Source information

============

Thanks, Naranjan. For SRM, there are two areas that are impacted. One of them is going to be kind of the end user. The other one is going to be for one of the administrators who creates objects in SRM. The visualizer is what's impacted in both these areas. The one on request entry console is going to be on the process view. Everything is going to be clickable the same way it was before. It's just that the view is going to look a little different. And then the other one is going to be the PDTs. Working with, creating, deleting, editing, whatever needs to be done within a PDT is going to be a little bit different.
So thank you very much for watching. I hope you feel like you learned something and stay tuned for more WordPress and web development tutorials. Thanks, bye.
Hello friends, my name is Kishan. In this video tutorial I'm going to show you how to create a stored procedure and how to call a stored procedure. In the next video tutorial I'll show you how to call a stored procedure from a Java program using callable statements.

============

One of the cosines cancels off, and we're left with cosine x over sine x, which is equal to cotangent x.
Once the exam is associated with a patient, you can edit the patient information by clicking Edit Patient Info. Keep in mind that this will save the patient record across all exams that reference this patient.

============

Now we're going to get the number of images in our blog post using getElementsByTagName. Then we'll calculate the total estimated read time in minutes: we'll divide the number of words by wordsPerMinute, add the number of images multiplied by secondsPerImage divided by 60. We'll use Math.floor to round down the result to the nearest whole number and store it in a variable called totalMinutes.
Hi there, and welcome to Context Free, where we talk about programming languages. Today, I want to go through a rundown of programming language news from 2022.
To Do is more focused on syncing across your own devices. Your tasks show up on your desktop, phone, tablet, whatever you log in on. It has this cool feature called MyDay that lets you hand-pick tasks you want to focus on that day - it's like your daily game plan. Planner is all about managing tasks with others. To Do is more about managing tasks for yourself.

============

What the task requires
From the material above, set down exactly the lines between the line holding "Now we're going" and the line holding "Hi there, and", inclusive. Include nothing else.

Output of the exercise
Now we're going to get the number of images in our blog post using getElementsByTagName. Then we'll calculate the total estimated read time in minutes: we'll divide the number of words by wordsPerMinute, add the number of images multiplied by secondsPerImage divided by 60. We'll use Math.floor to round down the result to the nearest whole number and store it in a variable called totalMinutes.
Hi there, and welcome to Context Free, where we talk about programming languages. Today, I want to go through a rundown of programming language news from 2022.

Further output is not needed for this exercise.